Unlike t.test() and prop_test(), chisq_test() does not have an "alternative" argument to specify which tails are considered by the alternative hypothesis.

Which tail is almost always considered in chi-square tests?

# Possible Answers

(x) Left-tailed

( ) Right-tailed

( ) Two-tailed

( ) Neither: chi-square tests depend on the peak, not the tails

( ) It depends on the problem

# Performing a chi-square test

The chi-square independence test compares proportions of successes of a categorical variable across categories of another categorical variable.

Trade deals often use a form of business shorthand in order to specify the exact details of their contract. These are International Chamber of Commerce (ICC) international commercial terms, or incoterms for short.

The late_shipments dataset includes a vendor_inco_term that describes the incoterms that applied to a given shipment. The choices are:

EXW: "Ex works". The buyer pays for transportation of the goods.
CIP: "Carriage and insurance paid to". The seller pays for freight and insurance until the goods board a ship.
DDP: "Delivered duty paid". The seller pays for transportation of the goods until they reach a destination port.
FCA: "Free carrier". The seller pays for transportation of the goods.
Perhaps the incoterms affect whether or not the freight costs are expensive. Test these hypotheses with a significance level of 0.01.

H0: vendor_inco_term and freight_cost_group are independent.

Ha: vendor_inco_term and freight_cost_group are associated.

late_shipments is available; ggplot2 and infer are loaded.

# Instructions:

- Using the late_shipments dataset, draw a proportional stacked bar plot of vendor_inco_term with fill color by freight_cost_group.



In [None]:
# Plot vendor_inco_term filled by freight_cost_group.
# Make it a proportional stacked bar plot.
ggplot(late_shipments,  aes(vendor_inco_term, fill = freight_cost_group)) +
  geom_bar(position = "fill")

- Using the late_shipments dataset, perform a chi-square test of independence on freight_cost_group and vendor_inco_term.

In [None]:
# Perform a chi-square test of independence on freight_cost_group and vendor_inco_term
test_results <- late_shipments %>% 
  chisq_test(freight_cost_group ~ vendor_inco_term)

# See the results
test_results

# Question

What should you conclude from the hypothesis test?
# Possible answers

( ) Fail to reject the null hypothesis and conclude that vendor_inco_term and freight_cost_group are independent.

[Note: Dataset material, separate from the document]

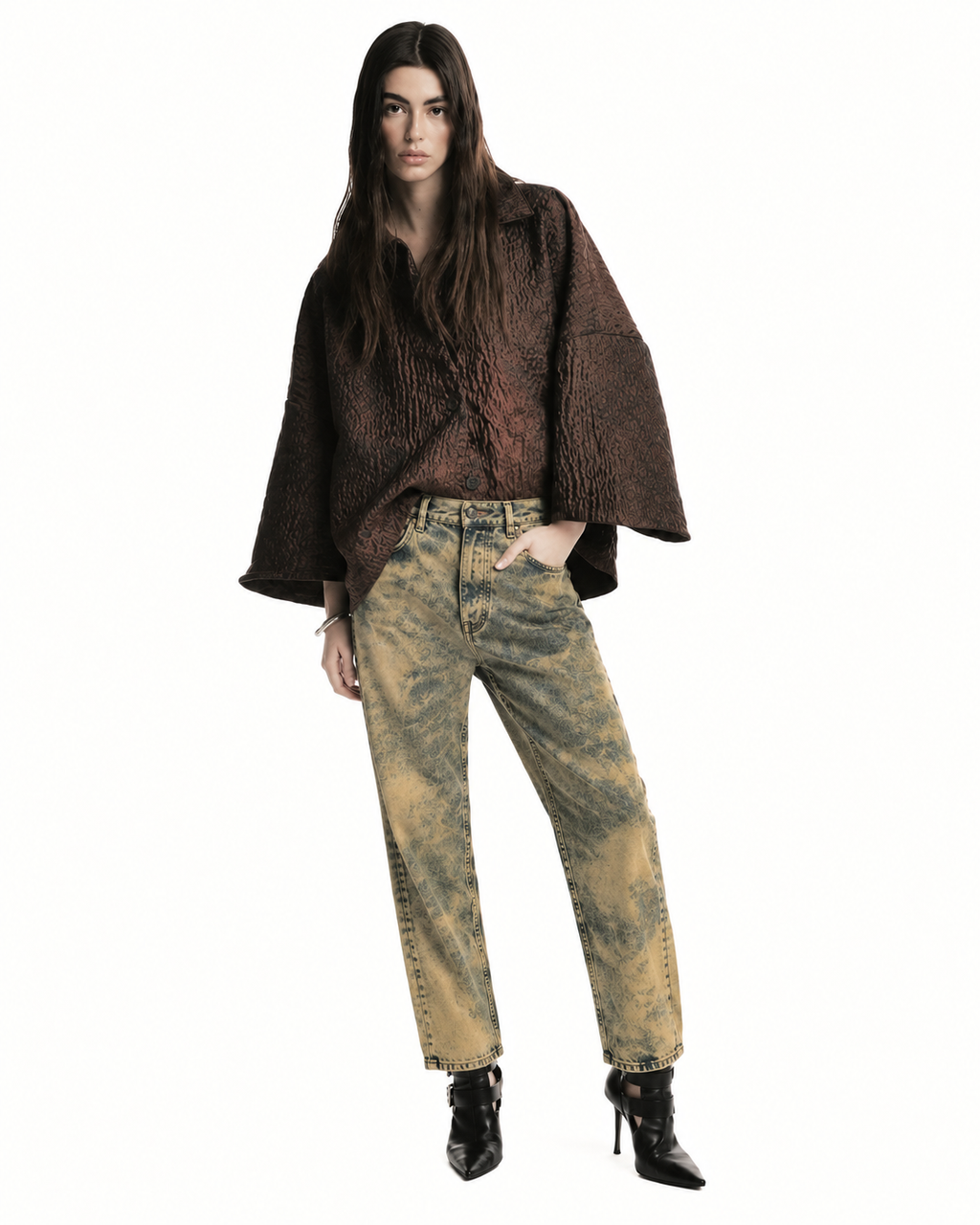 Pantalone boyfriend blu acido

( ) Reject the null hypothesis and conclude that vendor_inco_term and freight_cost_group are independent.

( ) Fail to reject the null hypothesis and conclude that vendor_inco_term and freight_cost_group are associated.

(x) Reject the null hypothesis and conclude that vendor_inco_term and freight_cost_group are associated.

In [None]:
DM.result = 4

# Visualizing goodness of fit

The chi-square goodness of fit test compares proportions of each level of a categorical variable to hypothesized values. Before running such a test, it can be helpful to visually compare the distribution in the sample to the hypothesized distribution.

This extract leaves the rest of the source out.